We all go through change in our lives. Life is, after all, a series of continuing milestones. As Huppert’s Nathalie comes to terms with her separation from her husband, and her children departing to live their own lives and her mother dying, she becomes wise in the perils of detachment. It is freeing and allows her a moment to breathe after decades of being tied up in responsibilities, but it also leaves your future a blank slate.
As Huppert diagrams this fear in Nathalie’s weary, but sharp face, she tells the tale of everyone who has loved and lost, and found life in the hope we hold for the future, for the things to come. As she rocks her grandson in her arms and coos an old lullaby, she is comforting herself too – and in extension, all of us. We will always want to go back to the time we were happy and settled, but being untethered and accepting change has its own charm.
1. Greta Gerwig – Frances Ha
There is not much to Frances Halliday, the eponymous character in Noah Baumbach’s masterpiece. She is wild, immature, reckless and childish. She will never be your friend, and if she’s your cousin or sister you will not be in touch with her. If she is a workplace acquaintance, she will probably eat her lunch with the crazy hipsters or all alone, but never with you. And all of this is probably because she is one of kind, but also completely and utterly like all of us.
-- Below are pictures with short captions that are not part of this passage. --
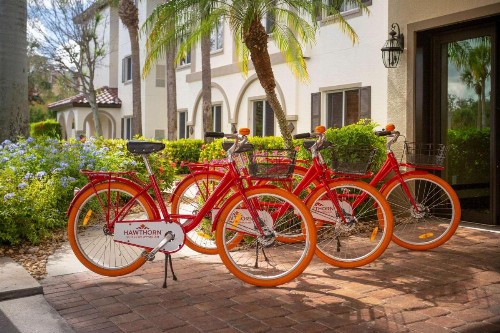Hawthorn Suites by Wyndham Naples - image 32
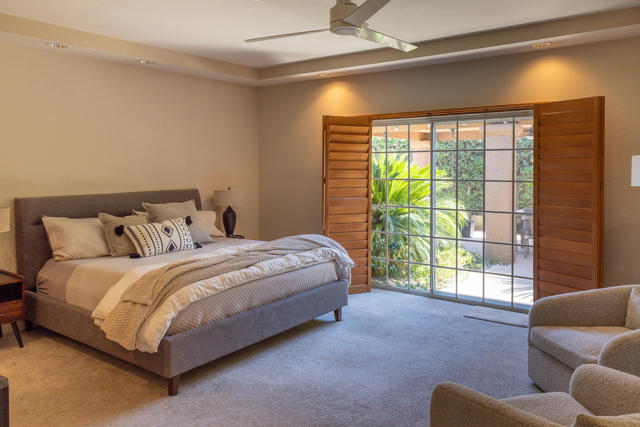 Image 8 of 21 For 36990 Palm Court
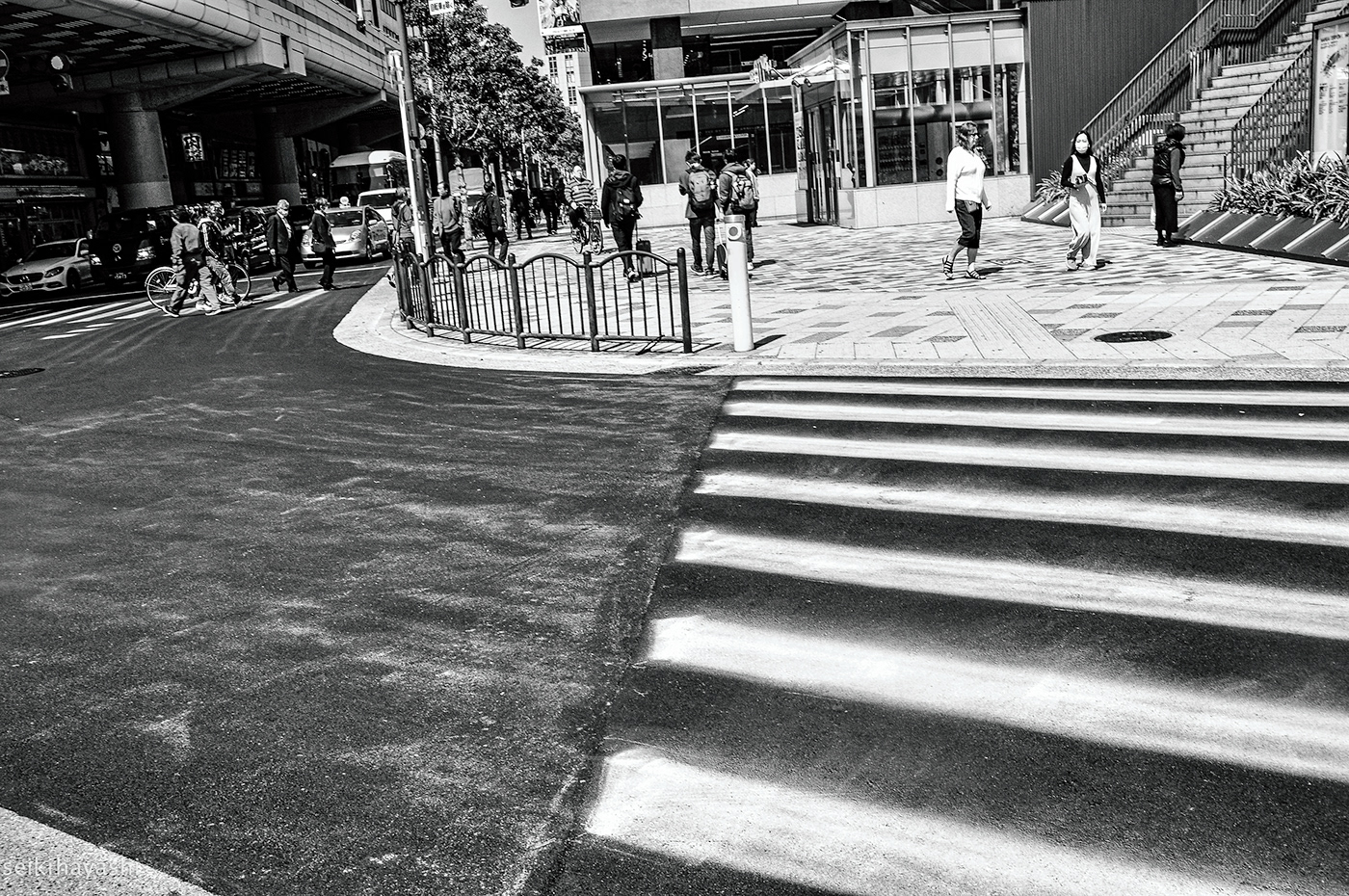 black and white japan okaka Street streetphotgraphy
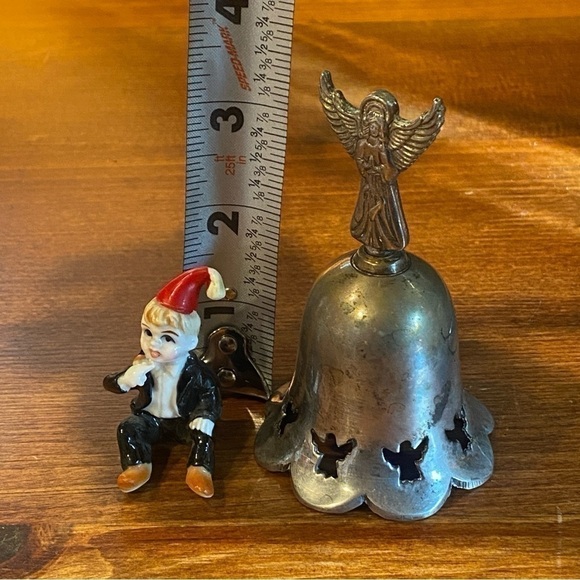 Christmas Items: Vintage Angel Bell 1996, It’s a Wonderful Life VHS, Figurine - Picture 10 of 11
Greta Gerwig, who co-wrote the film with Baumbach, makes each moment of Frances’s stumbling, confused, futile existence essential viewing. It’s funny, yes, to watch her ask if “Puss in Boots” is still on while she’s on a trip in Paris, instead of relishing the beauty of the city, but also saddening to see people considering her a thing of the past – something they did when they were in college.
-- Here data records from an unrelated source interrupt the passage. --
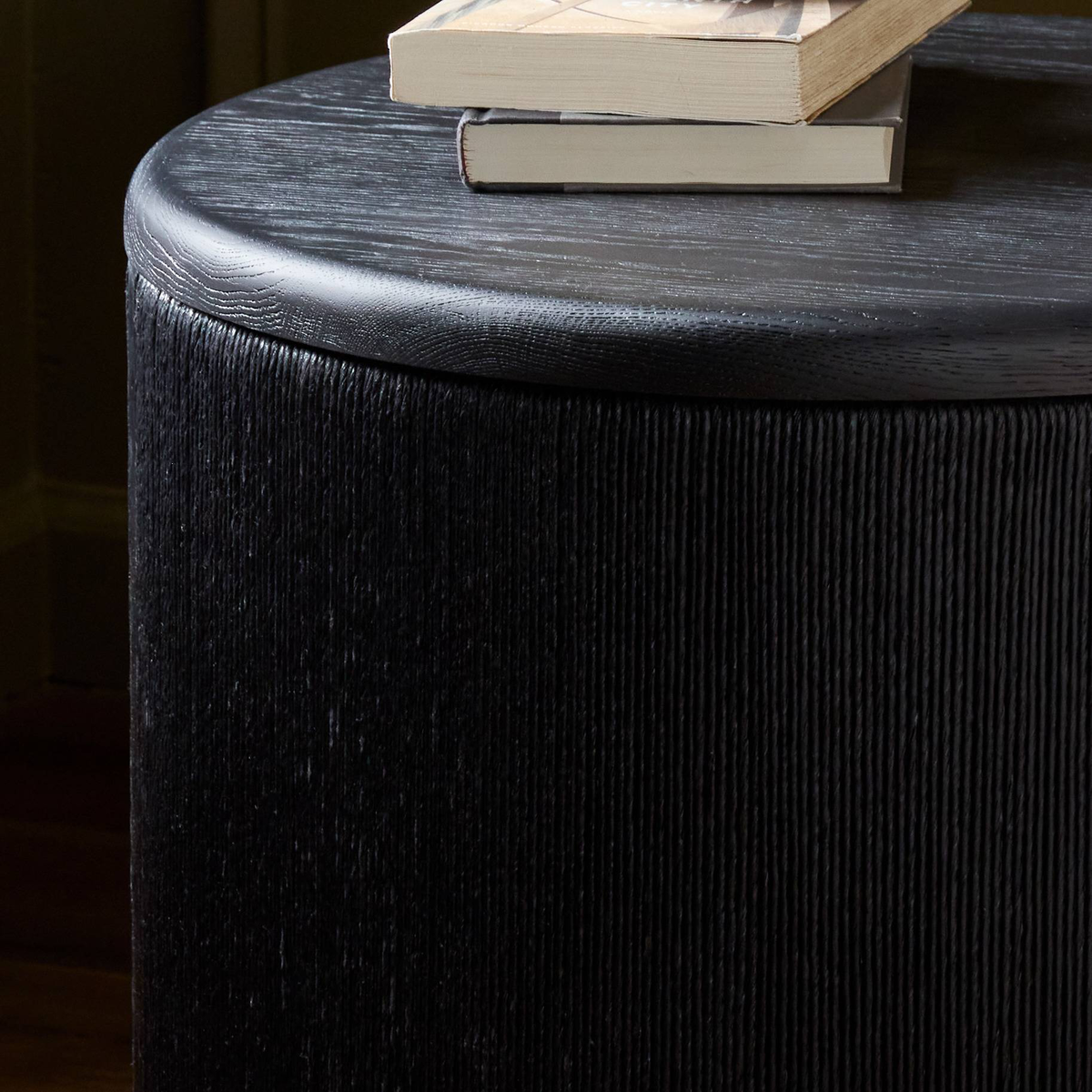 #color_black-oak-veneer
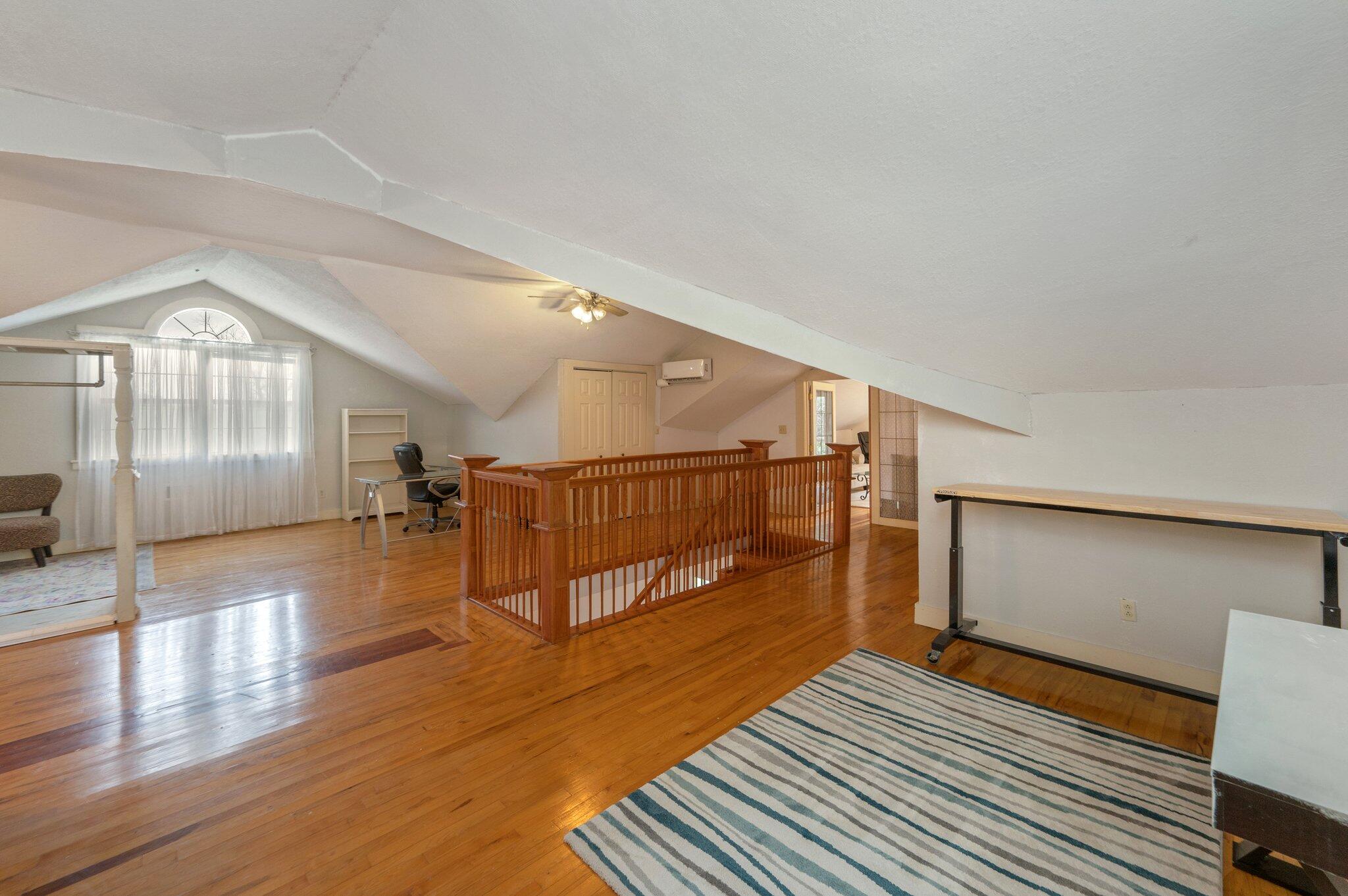 LOTS 17 & 18 BLK 18 HUGHES - Residential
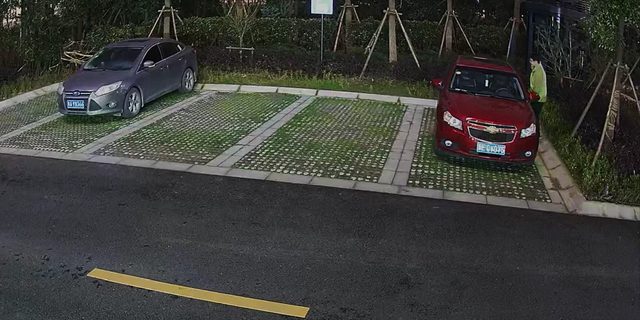ColorVuカメラで夜間に撮影した駐車場のカラー映像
Maybe Frances never left college, and it is hard for her to find her feet in the world outside – she even goes back to her college for a summer job – or maybe we all have stopped taking care of the part of us that is Frances – unabashedly demanding of her best friend, but also intensely romantic; hopeful yet aware of her insecurities; gives big hugs and greets you with “Ahoy, sexy!”; going through an existential crisis way too late, but has a plan for the next few days all set out. Maybe Frances is something we were, and can now only long to be, and our only solace is that Greta Gerwig has painted the Frances we all were to perfection.